**What is needed**
Leave out the pictures and restate every entry word for word.

**Items from a dataset**

========

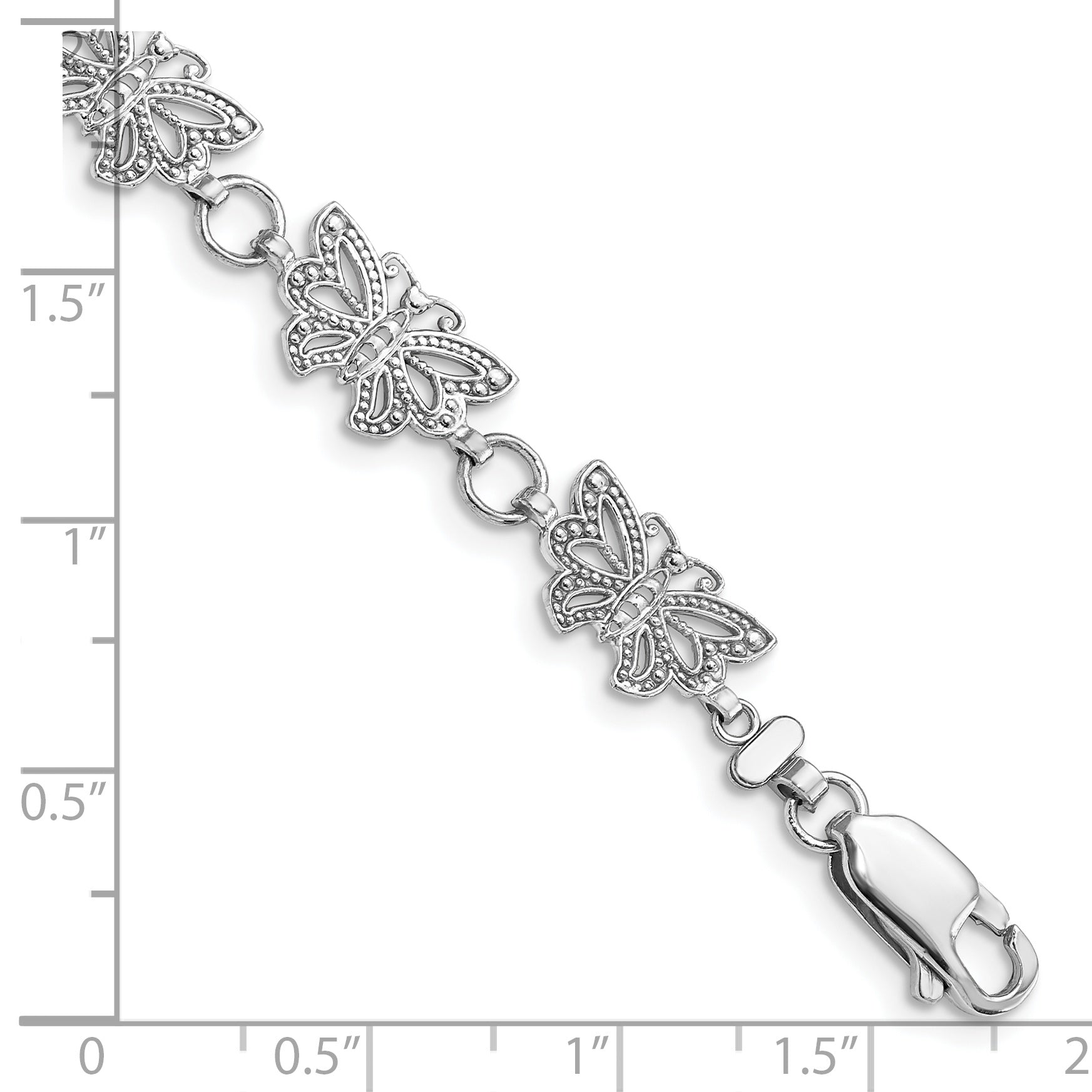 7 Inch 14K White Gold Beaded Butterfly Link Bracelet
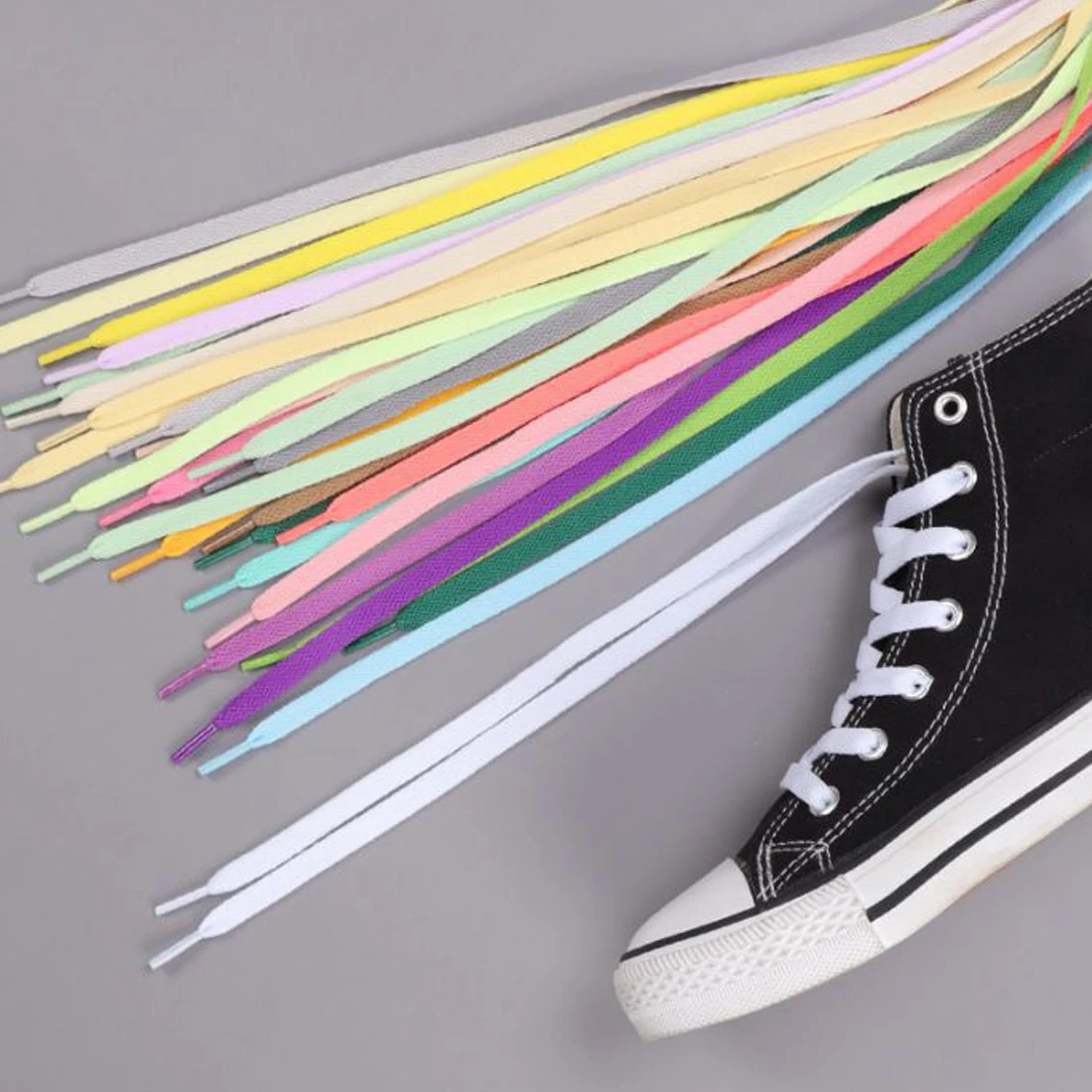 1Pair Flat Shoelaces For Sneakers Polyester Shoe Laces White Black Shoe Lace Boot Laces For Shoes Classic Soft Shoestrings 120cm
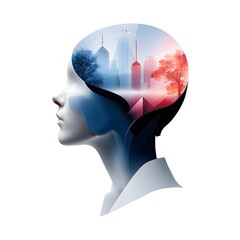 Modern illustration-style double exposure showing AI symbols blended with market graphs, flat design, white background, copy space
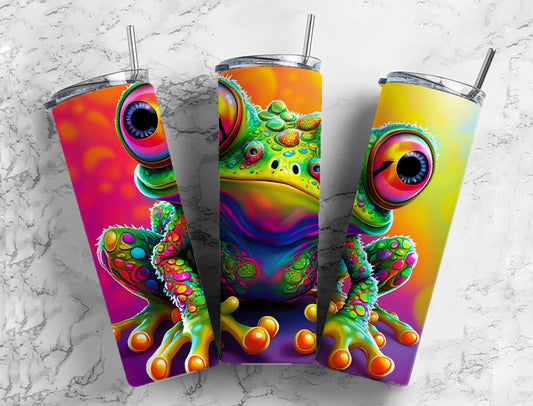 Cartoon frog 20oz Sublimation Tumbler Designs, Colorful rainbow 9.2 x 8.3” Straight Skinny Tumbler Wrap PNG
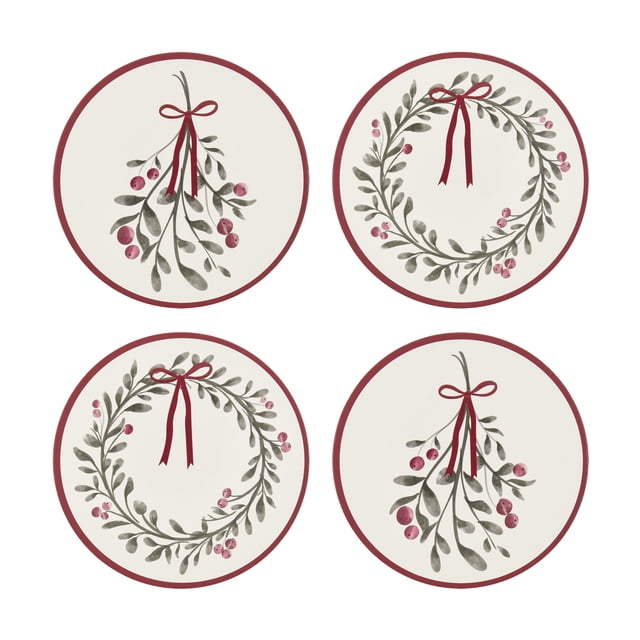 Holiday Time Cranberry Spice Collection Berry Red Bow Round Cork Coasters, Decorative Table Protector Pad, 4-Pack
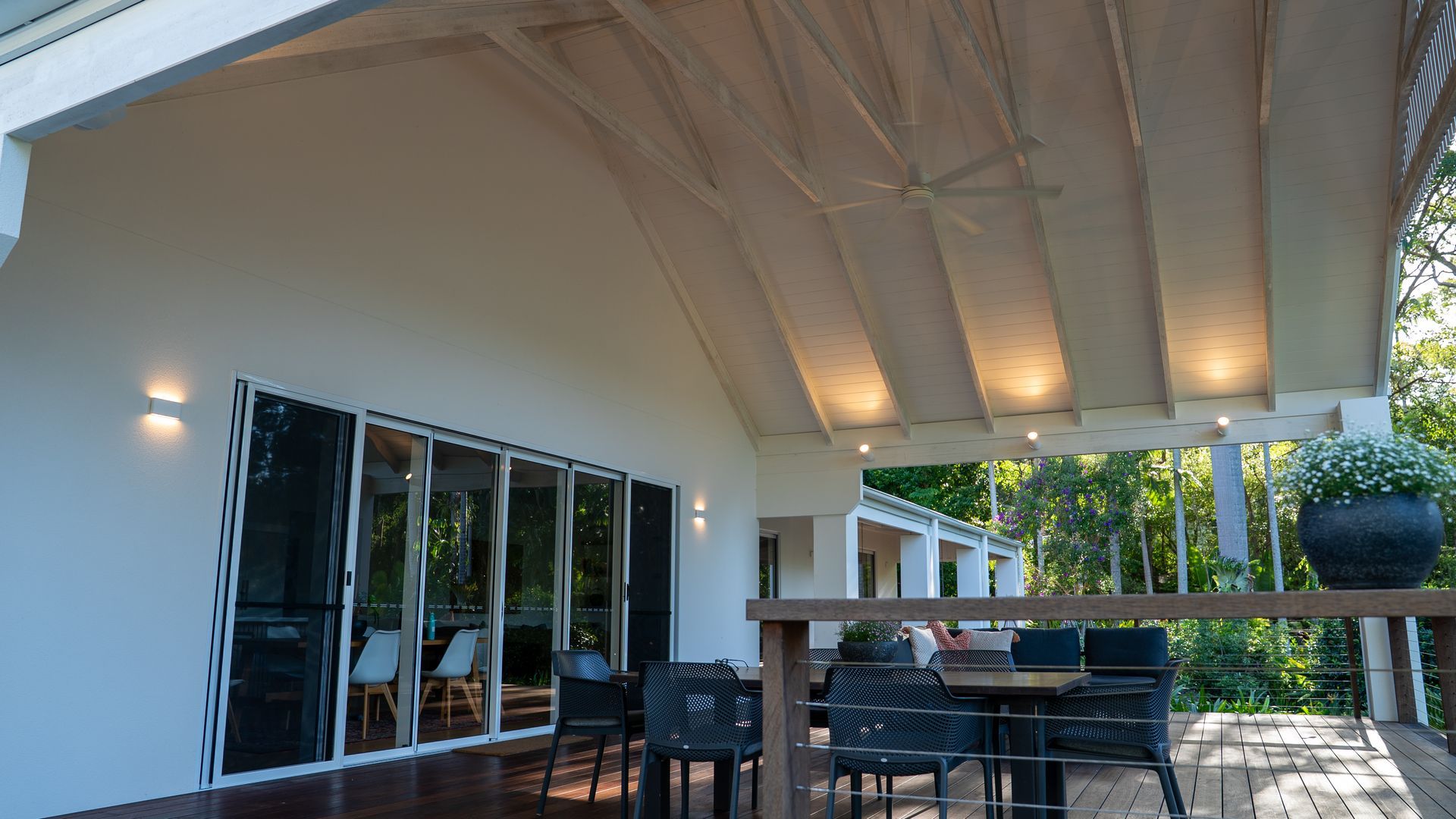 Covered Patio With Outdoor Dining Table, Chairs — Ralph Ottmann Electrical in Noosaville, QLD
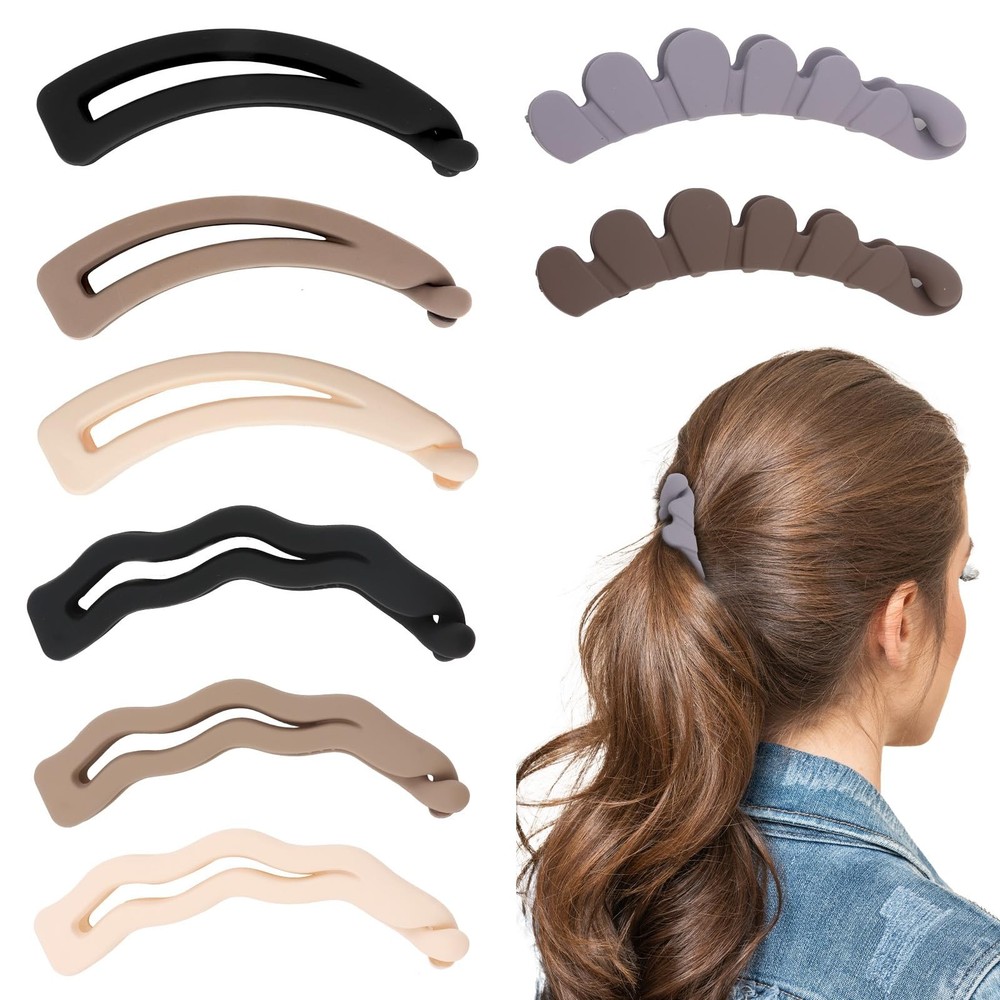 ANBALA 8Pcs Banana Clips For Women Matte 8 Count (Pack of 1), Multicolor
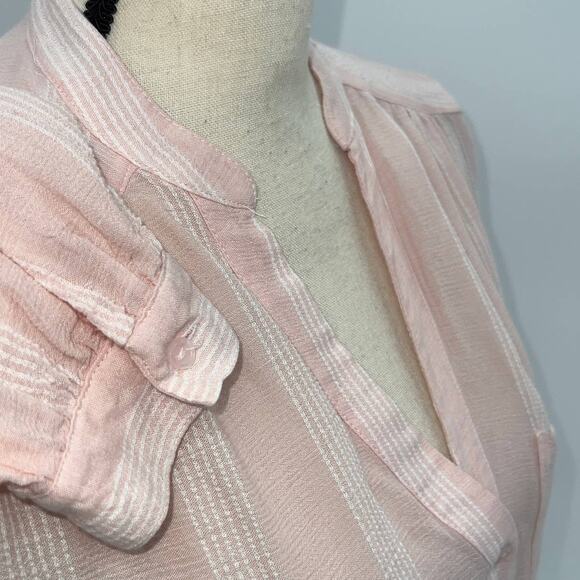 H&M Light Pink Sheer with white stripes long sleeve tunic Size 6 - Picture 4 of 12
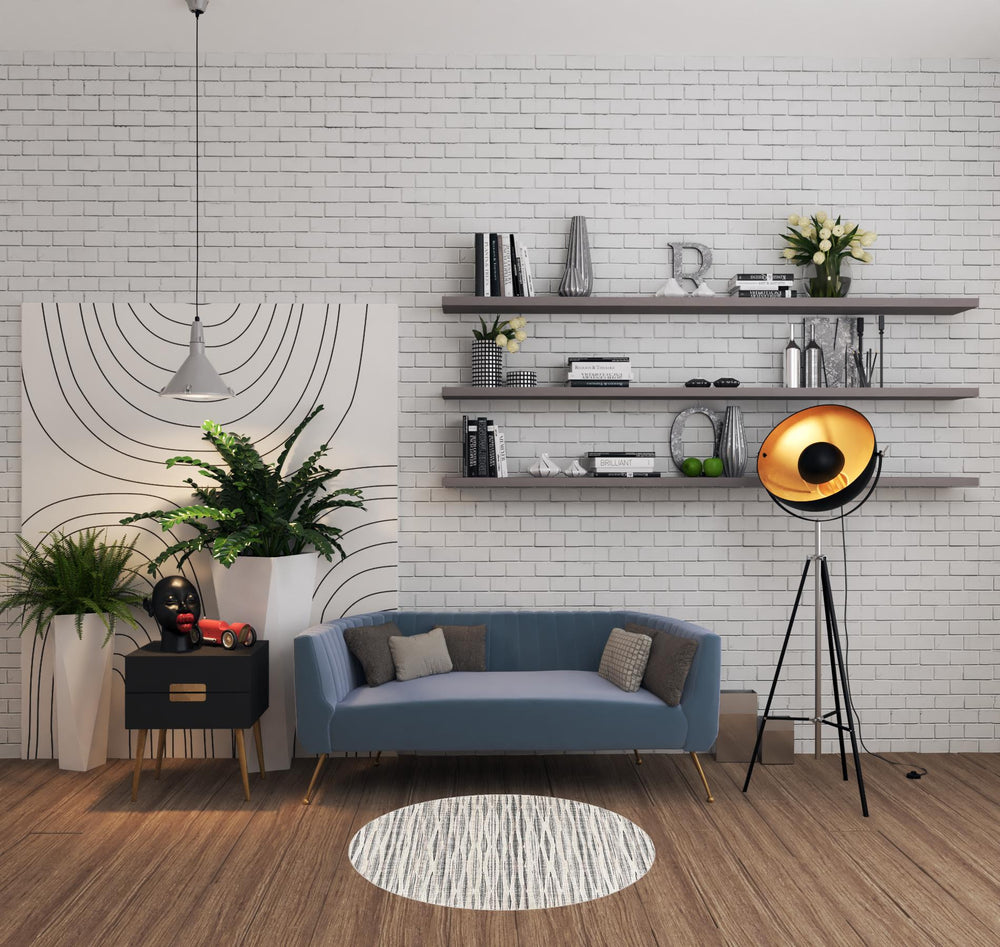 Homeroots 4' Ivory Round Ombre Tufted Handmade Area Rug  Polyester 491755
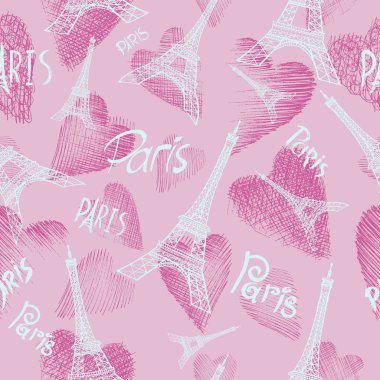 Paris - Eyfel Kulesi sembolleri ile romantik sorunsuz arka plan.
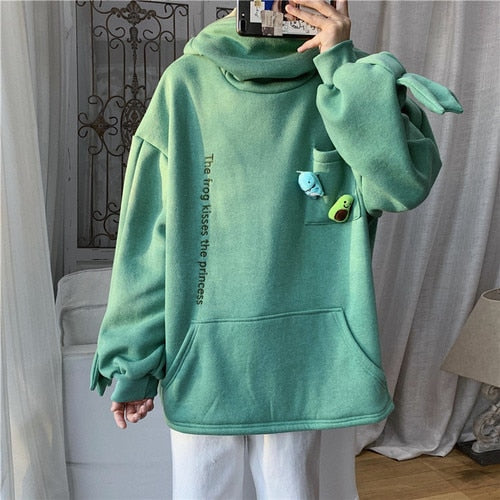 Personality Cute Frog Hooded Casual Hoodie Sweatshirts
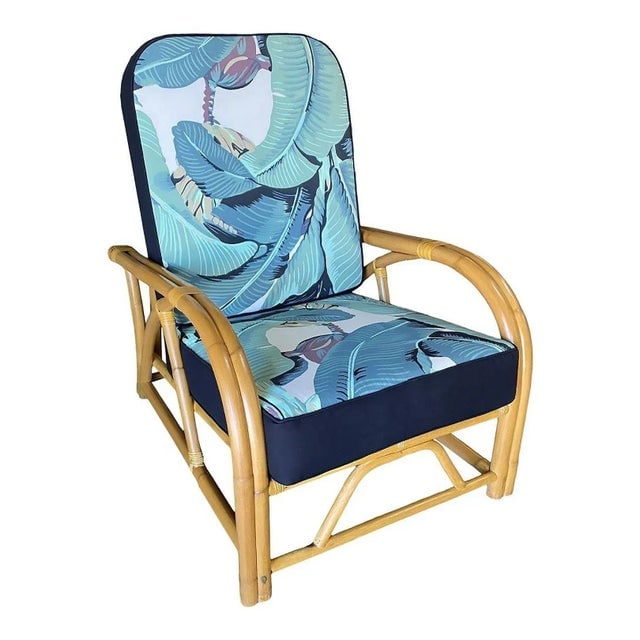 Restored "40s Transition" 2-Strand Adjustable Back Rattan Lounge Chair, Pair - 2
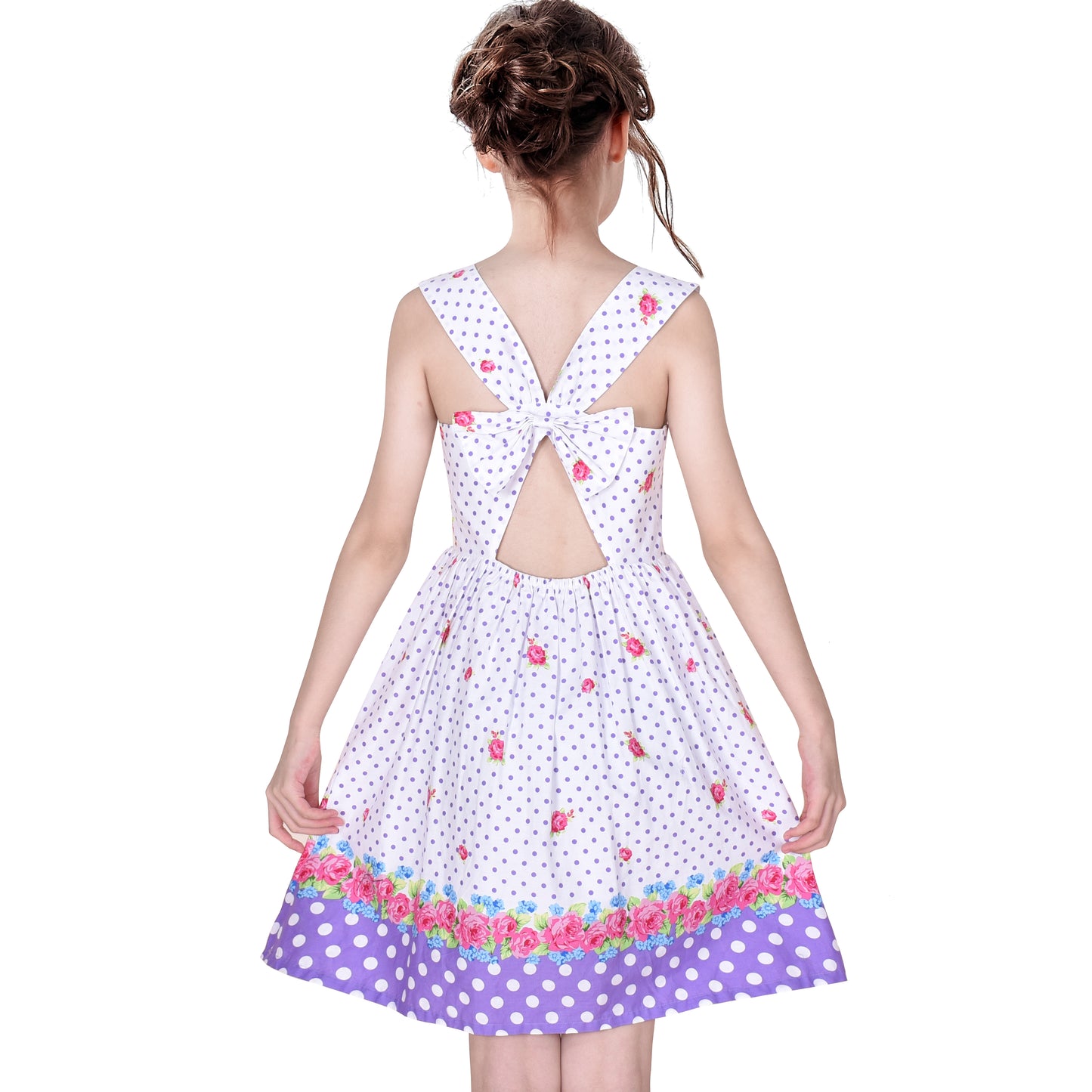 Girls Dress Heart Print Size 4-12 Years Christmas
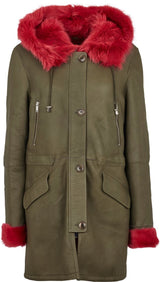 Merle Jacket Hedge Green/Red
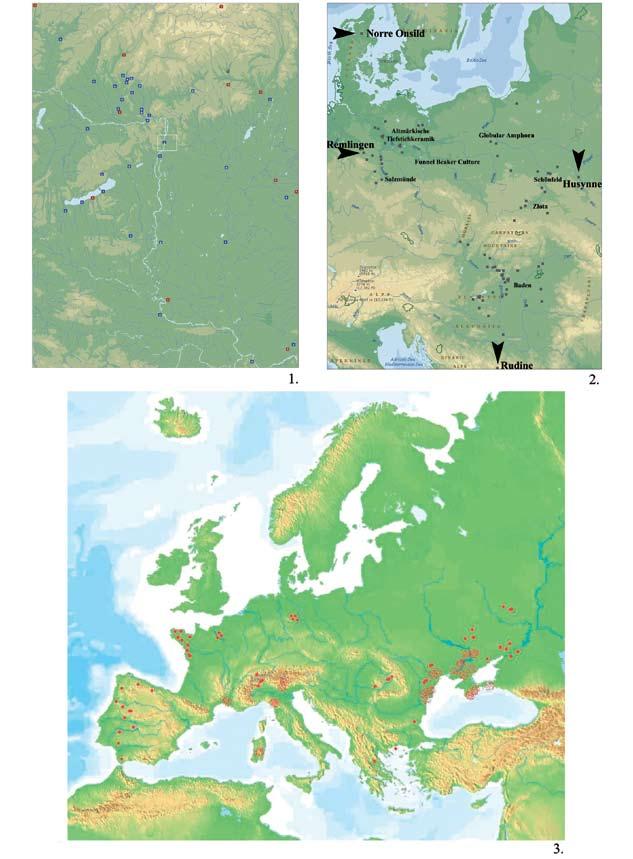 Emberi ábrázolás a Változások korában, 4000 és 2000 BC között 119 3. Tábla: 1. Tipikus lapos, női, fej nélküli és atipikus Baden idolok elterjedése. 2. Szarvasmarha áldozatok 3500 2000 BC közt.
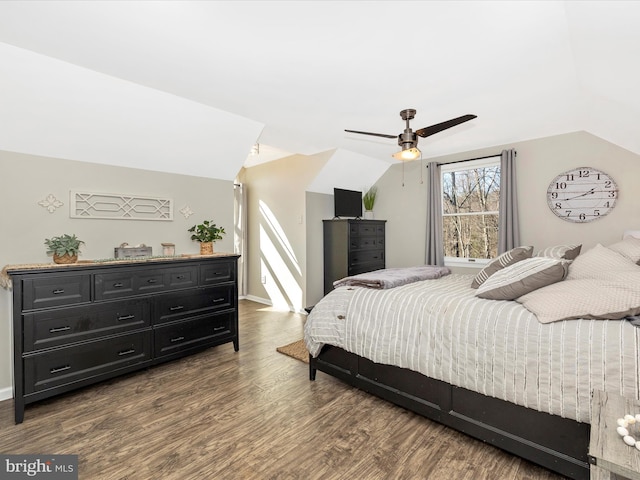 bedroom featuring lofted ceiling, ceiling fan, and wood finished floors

========

**Reply to the exercise**
 7 Inch 14K White Gold Beaded Butterfly Link Bracelet
 1Pair Flat Shoelaces For Sneakers Polyester Shoe Laces White Black Shoe Lace Boot Laces For Shoes Classic Soft Shoestrings 120cm
 Modern illustration-style double exposure showing AI symbols blended with market graphs, flat design, white background, copy space
 Cartoon frog 20oz Sublimation Tumbler Designs, Colorful rainbow 9.2 x 8.3” Straight Skinny Tumbler Wrap PNG
 Holiday Time Cranberry Spice Collection Berry Red Bow Round Cork Coasters, Decorative Table Protector Pad, 4-Pack
 Covered Patio With Outdoor Dining Table, Chairs — Ralph Ottmann Electrical in Noosaville, QLD
 ANBALA 8Pcs Banana Clips For Women Matte 8 Count (Pack of 1), Multicolor
 H&M Light Pink Sheer with white stripes long sleeve tunic Size 6 - Picture 4 of 12
 Homeroots 4' Ivory Round Ombre Tufted Handmade Area Rug  Polyester 491755
 Paris - Eyfel Kulesi sembolleri ile romantik sorunsuz arka plan.
 Personality Cute Frog Hooded Casual Hoodie Sweatshirts
 Restored "40s Transition" 2-Strand Adjustable Back Rattan Lounge Chair, Pair - 2
 Girls Dress Heart Print Size 4-12 Years Christmas
 Merle Jacket Hedge Green/Red
 Emberi ábrázolás a Változások korában, 4000 és 2000 BC között 119 3. Tábla: 1. Tipikus lapos, női, fej nélküli és atipikus Baden idolok elterjedése. 2. Szarvasmarha áldozatok 3500 2000 BC közt.
 bedroom featuring lofted ceiling, ceiling fan, and wood finished floors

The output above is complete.